10.Research progress of Faricimab in the treatment of macular edema associated with retinal vascular diseases
Xinyi HOU ; Haoran WANG ; Chunhua DAI ; Jing ZHANG ; Meng XIN ; Zhixin GUAN ; Shu LIU
International Eye Science 2025;25(8):1267-1273
Intravitreal injection of anti-vascular endothelial growth factor(VEGF)agents has become the primary treatment for macular edema associated with retinal vascular disease such as diabetic retinopathy and retinal vein occlusion, but there are limitations such as variable treatment efficacy and insufficient durability of therapeutic effects. As the first bispecific antibody applied in ophthalmic treatment, Faricimab achieves favorable outcomes by simultaneously targeting both VEGF-A and angiopoietin-2(Ang-2)pathways.

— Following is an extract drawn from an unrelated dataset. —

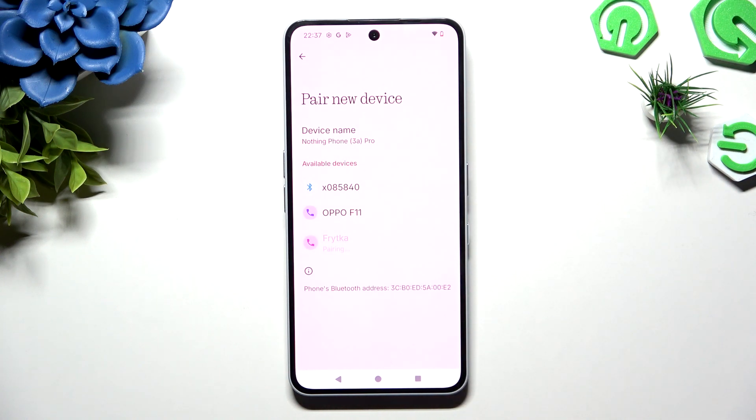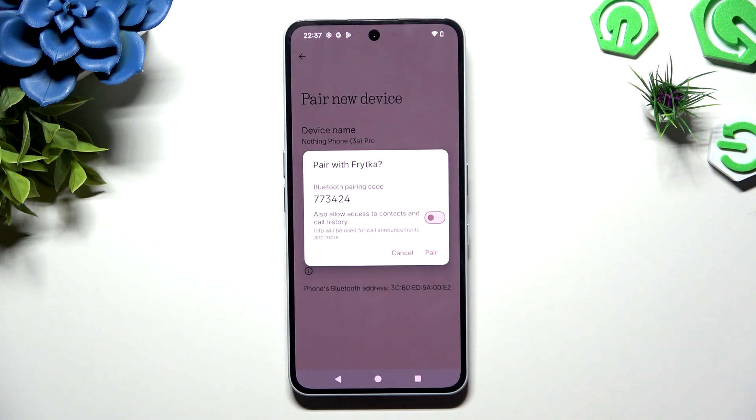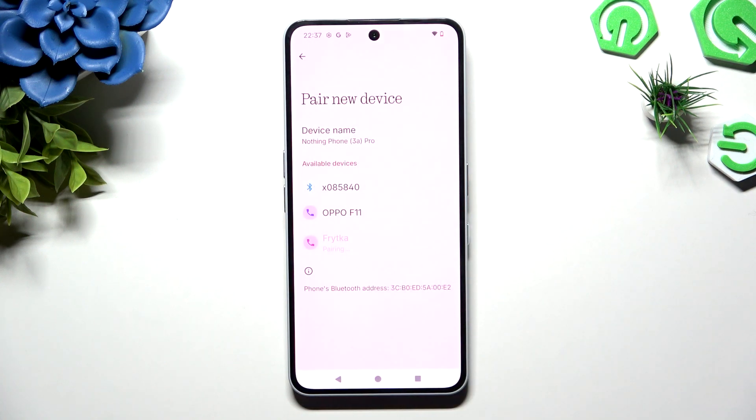Select pair in the pop-up and then wait for it to accept your connection request.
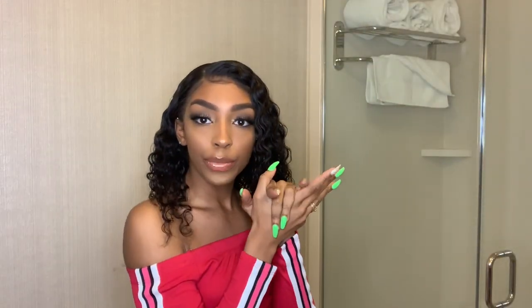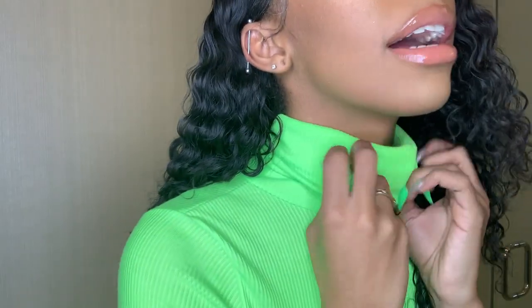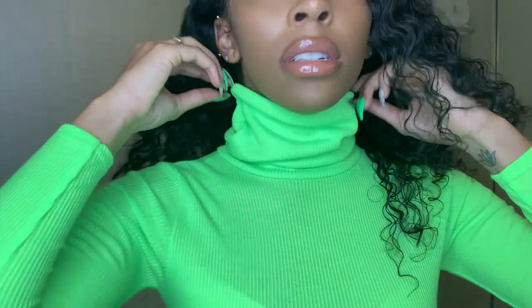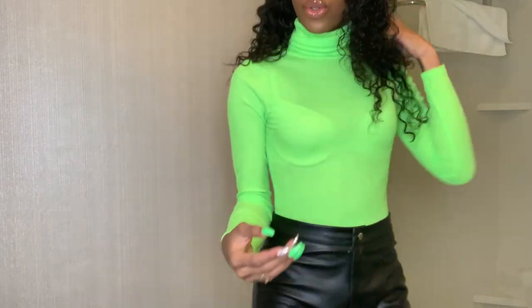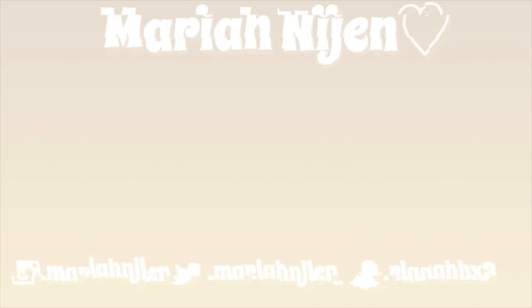I finished my makeup, so now I'm about to get dressed. My hair is fine. Hold on, I'm going to change into my outfit. The top is from Boohoo. The pants are from Pretty Little Thing — they've got little buckles going down the sides. And my heels are from Charlotte Russe. Bye!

Based on evidence from recent clinical trials and real-world studies, this article reviews the research progress on Faricimab for the treatment of diabetic macular edema(DME), retinal vein occlusion-associated macular edema(RVO-ME)and refractory macular edema compared to the therapeutic effects of other agents. Additionally, based on Faricimab's safety characteristics and future potential, its therapeutic prospects for macular edema associated with retinal vascular diseases are discussed. This review aims to provide evidence-based references for optimizing clinical treatment strategies, thereby contributing to mitigating the risk of vision loss due to macular edema.